Clear cell tubulopapillary renal cell carcinoma (CCTPRCC) represents a unique subtype of renal epithelial neoplasm according to the recent International Society of Urological Pathology Vancouver Classification of Renal Neoplasia [1, 2]. Also known as ‘clear cell papillary renal cell carcinoma’ and previously referred to as ‘papillary renal cell carcinoma with clear cell features’, CCTPRCC is now considered the fourth most common variant of RCC, behind ccRCC (70%), pRCC (16.6%), and chromophobe carcinoma (5.9%), with an incidence of 4.1% [16]. CCTPRCC was reported initially in patients with end-stage renal disease; however, the majority of subsequent cases are now known to occur sporadically [13, 59]. The average age at presentation is 60 and there is no sex predilection [1, 2, 8, 9].

There is limited literature on the biologic behavior of CCTPRCC; however, prior reports suggest that these neoplasms behave indolently, and carry a favorable prognosis [14, 710]. To our knowledge, metastases have not been reported [14, 711]. Therefore, the prospective differentiation of CCTPRCC from the more common subtypes such as clear cell RCC (ccRCC) and papillary RCC (pRCC) at an early stage may be useful for counseling patients on prognosis and treatment plans. For example, an active surveillance approach may be considered in a patient with CCTPRCC [12].

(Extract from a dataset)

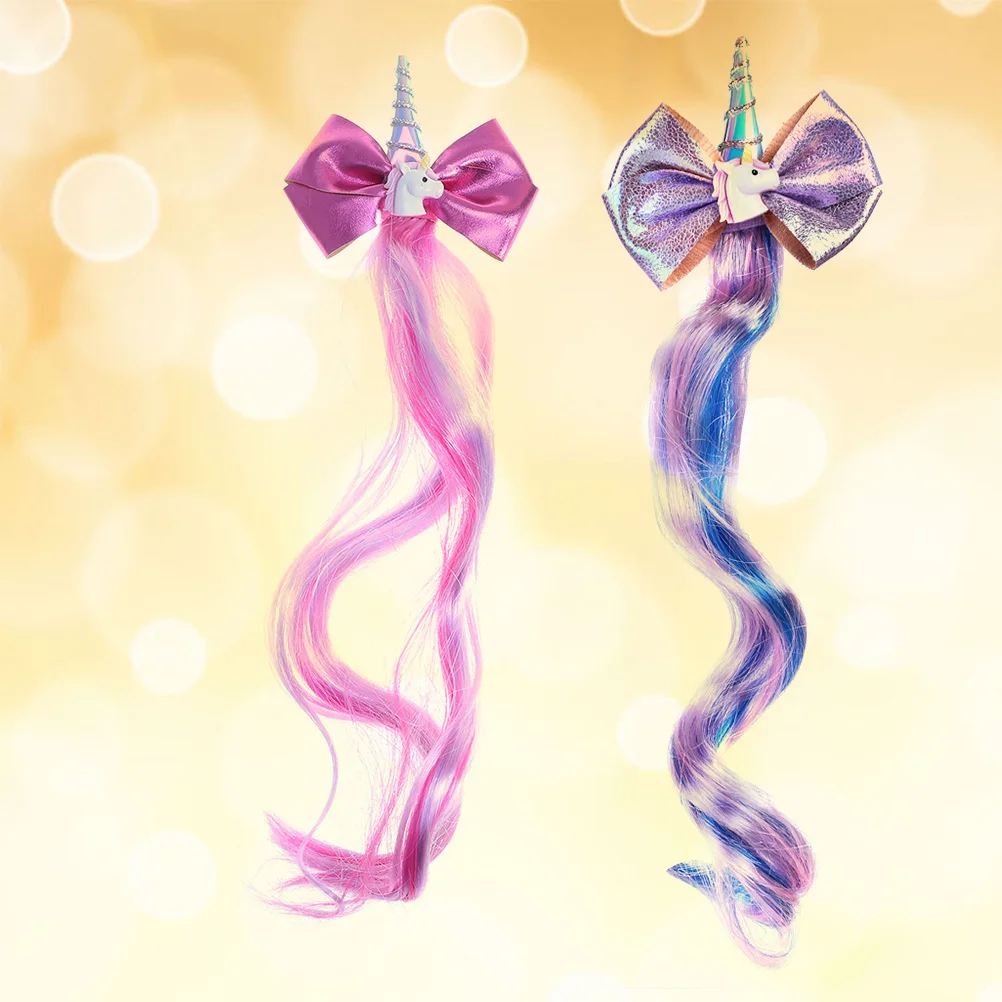 2pcs Unicorn Glittering Bowknot Hairpins Gradient Color Barrette Hair Clips Hair Accessories for Kids Little Girls
2pcs Unicorn Glittering Bowknot Hairpins Gradient Color Barrette Hair Clips Hair Accessories for Kids Little Girls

To our knowledge, no prior study has attempted to differentiate CCTPRCC from other renal cell tumor subtypes using imaging features. In a recent study of papillary renal cell carcinoma subtypes on CT and MRI, CCTPRCC was included as an ‘atypical papillary RCC’ and was not evaluated as a separate entity [13]. We determined if imaging features could be used to distinguish early-stage CCTPRCC from stage-matched ccRCC and pRCC.

Methods

Subjects

This Health Insurance Portability and Accountability Act-compliant retrospective study was performed after approval of our institutional review board; informed consent was waived. Our pathology database revealed 23 patients with stage T1a CCTPRCC diagnosed at our institution; of these, 20 had a pretreatment CT scan and/or an MRI examination available for review. Of these 20 patients, two patients had two separate tumors within the same location (upper pole, mid kidney, lower pole), each of which was a different subtype of RCC (including CCTPRCC). Because we were unable to be certain which tumor was CCTPRCC on the images, these two patients were excluded. Thus, a total of 18 patients (9 men, 9 women; median age 65 years; range 43–84) with stage T1a CCTPRCC were included in the study. Of these, 11 were examined with both CT and MRI, six with only CT, and one with only MRI. An equivalent number of consecutive stage—matched ccRCC (n = 18; 12 men, six women; median age 56 years; range 22–76) and an equivalent number of consecutive stage—matched pRCC (n = 18; 10 men, eight women; median age 64 years; range 50–80) were identified and included to comprise a total of 54 patients in the study.

CT and MRI technique

Of the 54 patients, 27 were examined with CT alone, 21 with both CT and MRI, and six with MRI alone. CT examinations were performed with MDCT scanners (Somatom Volume Zoom, Definition AS 128, Somatom Sensation 64 and 16, all from Siemens Medical Solutions, Erlangen Germany); or Aquilion 320 and Aquilion 64, both from Toshiba (America Medical Systems, Minnetonka, MN). Of the 48 patients who underwent a CT examination, 32 were examined with CT urography, nine with portal venous phase contrast-enhanced CT, and seven with unenhanced CT. All images were acquired at 120 kVp and 155–280 mA, and reconstructed at 3- to 5-mm-thick sections in the axial plane. For the 32 patients who underwent a CT urogram, contrast-enhanced CT images were obtained 100 s after intravenous injection of 75–120 mL of iopromide (Ultravist 300, Bayer Healthcare, Seattle, WA) for the nephrographic phase. CT urograms were also supplemented with the injection of 10 mg of IV furosemide (Lasix, Abbott Laboratories) administered 2–3 min before contrast material, or supplemented with a drip infusion of 250 mL of IV saline just prior to obtaining the excretory phase images (10–15 min) [14]. For the nine patients who underwent a portal venous phase contrast-enhanced CT, images were acquired 70 s after the injection of 75–120 mL of iopromide. Weight-based dosing was used for all IV contrast material administrations.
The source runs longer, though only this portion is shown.